A jury found Hild guilty in April 2021 of a fraud that inflated the value of Live Well’s reverse mortgage bonds in order to induce the lenders into loaning the company more money than they otherwise would have.
The government argues that those lenders lost $95 million as a result, while documents submitted to the court by the lenders pegs the loss at $85 million.
Prosecutors also argue that Hild personally pocketed more than $20 million as a result. Hild says that number is closer to $9.5 million.
Hild’s attorney also leans on dozens of letters sent to the judge from family members and friends of Hild’s, who describe him as a modest, dependable and trustworthy man raised by parents who taught him a strong work ethic.
“Michael’s history and characteristics weigh heavily in favor of leniency. As the dozens of letters to the Court from Michael’s family members and longtime friends demonstrate, Michael is a committed husband, son, brother, and friend,” the documents state, adding that Hild has no prior criminal history.
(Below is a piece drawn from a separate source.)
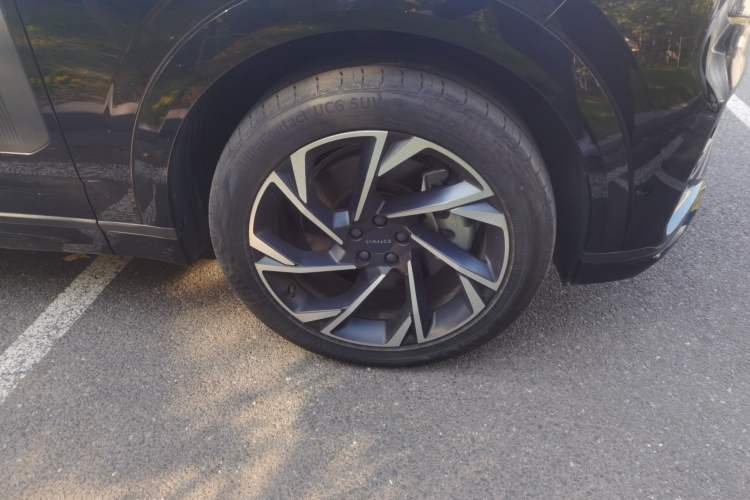Used Lynk & Co 09 EM-P 2021 2.0T PHEV Halo Six-Seater Right Front Wheel Hub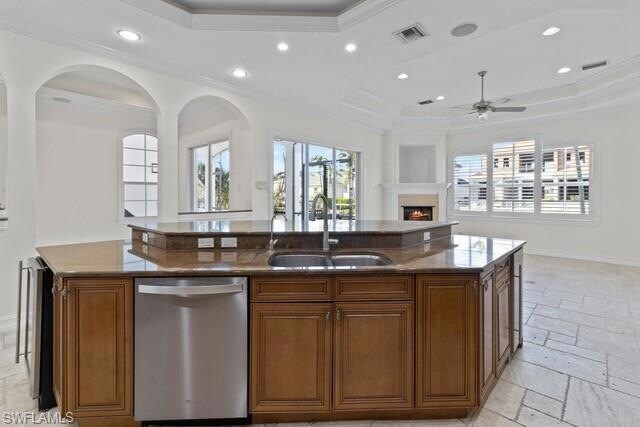 Building Photo - 405 Tradewinds Ave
A Michigan native, Hild was raised primarily in Fort Wright, Kentucky, according to the filings. His father developed data processing systems for banks, while his mother was a homemaker and later owned a bookstore and coffee shop.
Hild was a strong student at a private Catholic high school and excelled at Cornell University, where he earned a degree in economics while playing wide receiver on the football team.
After working for nearly a decade at Capital One, court documents and letters state he was motivated to launch Live Well as a reverse mortgage lender after watching his father struggle to handle his finances in retirement. Hild started Live Well in 2005 from his home in Church Hill and grew it to hundreds of employees.
“Live Well was started for the sole purpose in helping senior citizens financially in their later years. Mike saw it as an opportunity to help not only seniors but it also gave him a chance to start his own business,” Hild’s wife Laura wrote in her letter to the judge.
The general theme of the nearly four dozen letters of support included in the court record are that the government’s allegations are not consistent with Hild’s character.
To emphasize that, Hild’s lawyer cites a quote from another judge from another case: “Surely, if ever a man is to receive credit for the good he has done, and his immediate misconduct assessed in the context of his overall life hitherto, it should be at the moment of his sentencing, when his very future hangs in the balance.”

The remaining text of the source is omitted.